Some of the benign diseases of breast are

  • Breast cysts: 

    Up to a quarter of breast lumps are fluid-filled cysts. Breast Cysts can be tender and lumpy, but they don’t make you more prone to cancer. Cysts often go away without treatment.

  • Fibroadenomas:

    These are the most common noncancerous solid breast tumors found in women ages 15 to 35. Fibroadenomas don’t increase cancer risk and often go away on their own.

  • Fibrocystic breast changes:

    Fluctuating hormone levels can make breasts feel lumpy, dense and tender, especially right before menstruation. Women ages 30 to 50 are more likely to experience fibrocystic breast changes which go away without treatment.

  • Hyperplasia:

    This condition occurs from an overgrowth of cells that line mammary ducts or glands. A condition called usual hyperplasia doesn’t increase cancer risk and doesn’t require treatment. If you have atypical hyperplasia your healthcare provider may recommend surgically removing affected breast tissue because the condition may make you more prone to breast cancer.
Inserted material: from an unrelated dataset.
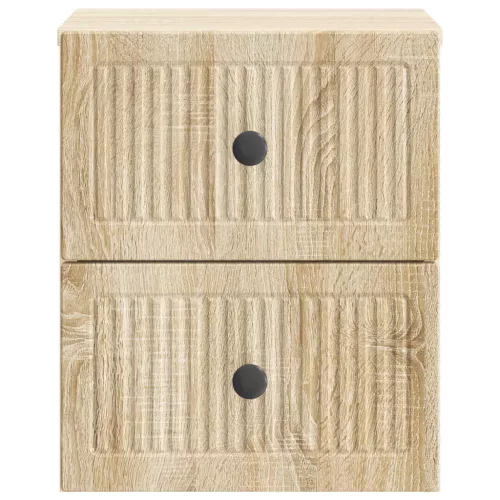  Fali éjjeli szekrény 2 pcs Sonoma Tölgy 33 x 34,5 x 40 cm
  • Intraductal papilloma:

    These small, wart-like growths form inside the mammary duct near the nipple. Intraductal papilloma may cause nipple discharge. The condition most commonly affects women ages 30 to 50. Your risk of cancer goes up if you have five or more papillomas at one time. Surgery can remove these growths and reduce your cancer risk.

  • Mammary duct ectasia: 

    Menupausal and post menupausal women are more prone to mammary duct ectasia. You may experience an inverted nipple or nipple discharge when swollen, inflamed milk ducts are blocked. Also known as periductal mastitis, this condition doesn’t increase cancer risk. You may need antibiotics if a bacterial infection caused the inflammation and blockage. Otherwise, you don’t need treatment.

  • Traumatic fat necrosis:

    These breast lumps form when scar tissue replaces breast tissue that’s been damaged by an injury, surgery or radiation therapy. These lumps don’t raise cancer risk and don’t need treatment.